JP2018185092A - Indoor equipment of air conditioner - Google Patents

Abstract

PROBLEM TO BE SOLVED: To provide indoor equipment of an air conditioner which can uniformize wind speed distribution of air passing through a heat exchanger.SOLUTION: Floor type indoor equipment 1 of an air conditioner includes: an air inlet 34 provided at a lower part of a cabinet 21; a blower 32 which blows the suctioned air to the downstream side; a heat exchanger 31 which conducts heat exchange with the blown air; an air outlet 35 which blows the air that has passed through the heat exchanger 31; a front panel 22 which is disposed at the front surface side of the heat exchanger 31 and serves as an exterior cover of the cabinet 21; and a heat insulation plate 36 which is disposed between the heat exchanger 31 and the front panel 22 and insulates heat between outer air and the interior of the cabinet 21. The heat insulation plate 36 includes: a lower surface protruding part 362 protruding to the front panel 22 side at the lower surface side; and an upper surface protruding part 363 protruding to the heat exchanger 31 side at the upper surface side.SELECTED DRAWING: Figure 2

Description

  The present invention relates to an indoor unit of an air conditioner.
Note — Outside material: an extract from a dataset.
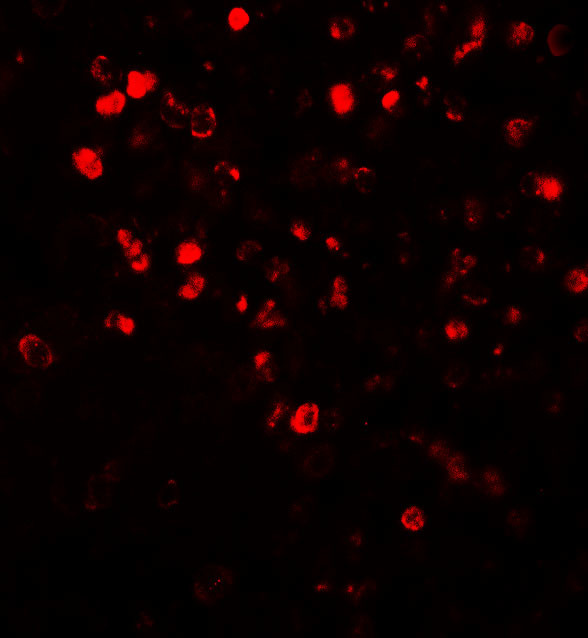 NOX4 Antibody in Immunohistochemistry (Paraffin) (IHC (P))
A floor-mounted indoor unit is known as an indoor unit of an air conditioner installed on a floor surface in a room. The floor-mounted indoor unit has a structure in which air is sucked in by a blower from a lower suction port of the casing, and after passing through a heat exchanger in the upper part of the blower, air is sent into the room from a blower outlet. In order to improve the capacity of floor-mounted indoor units, it is essential to improve the efficiency of heat exchangers. In order to make the most of the heat exchanger, it is desirable that the wind speed distribution hitting the heat exchanger is uniform.
Since the floor-mounted indoor unit is installed directly on the floor surface of the room, it is subject to restrictions on the size and design of the housing. Due to the size and design of the housing, it is difficult to secure a sufficient air flow path in the air flow path region, and the air speed distribution on the surface of the heat exchanger tends to be biased.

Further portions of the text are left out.